● Saved data entries:
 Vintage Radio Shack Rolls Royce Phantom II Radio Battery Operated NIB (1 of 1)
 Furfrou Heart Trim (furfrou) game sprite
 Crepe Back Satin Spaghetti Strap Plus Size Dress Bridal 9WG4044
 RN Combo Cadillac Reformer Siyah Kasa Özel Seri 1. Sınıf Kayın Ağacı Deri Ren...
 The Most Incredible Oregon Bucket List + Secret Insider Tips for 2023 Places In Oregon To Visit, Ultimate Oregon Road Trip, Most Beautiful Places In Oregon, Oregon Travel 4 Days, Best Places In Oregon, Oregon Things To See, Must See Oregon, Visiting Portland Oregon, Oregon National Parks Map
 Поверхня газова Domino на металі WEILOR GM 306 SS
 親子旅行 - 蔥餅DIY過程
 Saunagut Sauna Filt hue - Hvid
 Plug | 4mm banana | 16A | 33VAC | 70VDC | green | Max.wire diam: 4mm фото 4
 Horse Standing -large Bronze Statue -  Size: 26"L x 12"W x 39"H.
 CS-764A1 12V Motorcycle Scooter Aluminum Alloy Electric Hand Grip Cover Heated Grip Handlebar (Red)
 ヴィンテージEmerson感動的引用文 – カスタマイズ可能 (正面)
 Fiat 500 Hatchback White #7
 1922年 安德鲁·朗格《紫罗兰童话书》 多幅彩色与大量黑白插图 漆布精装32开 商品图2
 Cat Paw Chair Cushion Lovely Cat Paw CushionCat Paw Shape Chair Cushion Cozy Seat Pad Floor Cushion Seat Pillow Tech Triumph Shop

● Task description: Give back, word for word, the lines from the one with "CS-764A1 12V Motorcycle" through the last line of the entries, both included, and no other line.

● Task result:
 CS-764A1 12V Motorcycle Scooter Aluminum Alloy Electric Hand Grip Cover Heated Grip Handlebar (Red)
 ヴィンテージEmerson感動的引用文 – カスタマイズ可能 (正面)
 Fiat 500 Hatchback White #7
 1922年 安德鲁·朗格《紫罗兰童话书》 多幅彩色与大量黑白插图 漆布精装32开 商品图2
 Cat Paw Chair Cushion Lovely Cat Paw CushionCat Paw Shape Chair Cushion Cozy Seat Pad Floor Cushion Seat Pillow Tech Triumph Shop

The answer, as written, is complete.